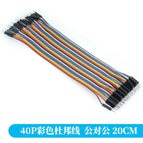 40PIN Dupont Line Male to Male + Female to Male and Female to Female Jumper Dupont Wire Cable for arduino project DIY KIT
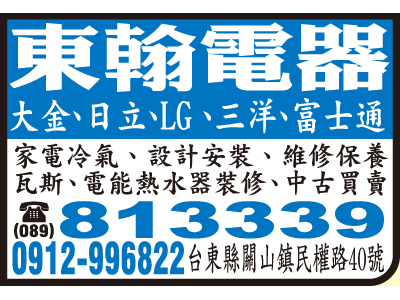 東翰電器-undefined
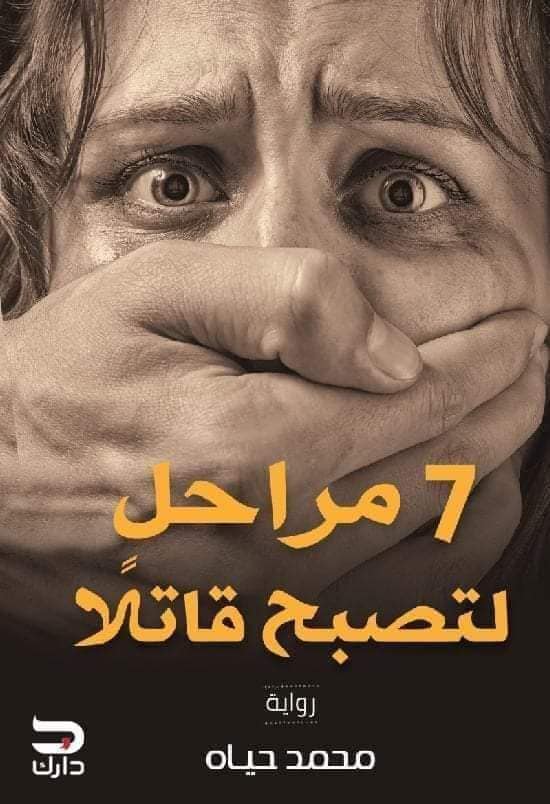 ٧ مراحل لتصبح قاتلا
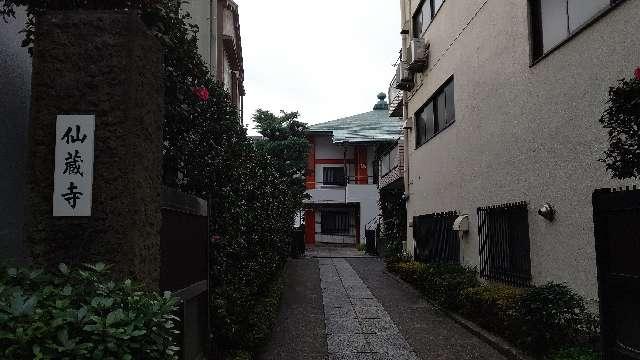 峰松山 遮那院 仙藏寺の参拝記録2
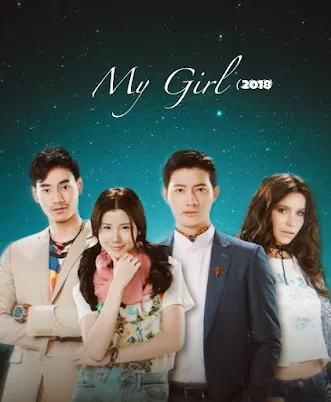 My Girl (2018)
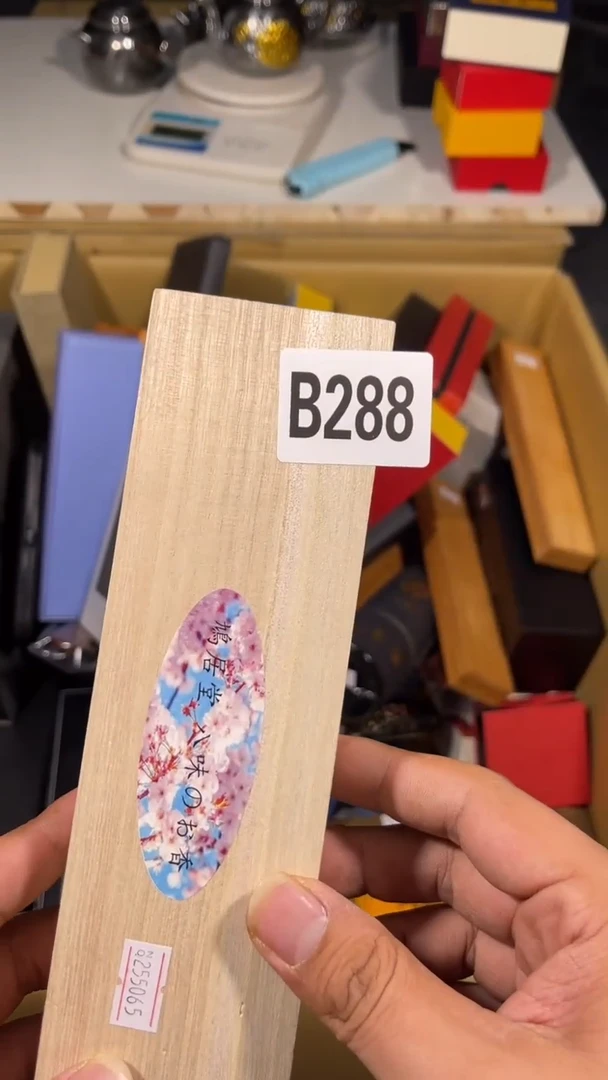 A*罗瓷器 瓷器瓷器瓷器288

▶ [Task details]: Your answer must be the full listing, copied exactly, with no pictures in it.

▶ [Output for this exercise]:
 40PIN Dupont Line Male to Male + Female to Male and Female to Female Jumper Dupont Wire Cable for arduino project DIY KIT
 東翰電器-undefined
 ٧ مراحل لتصبح قاتلا
 峰松山 遮那院 仙藏寺の参拝記録2
 My Girl (2018)
 A*罗瓷器 瓷器瓷器瓷器288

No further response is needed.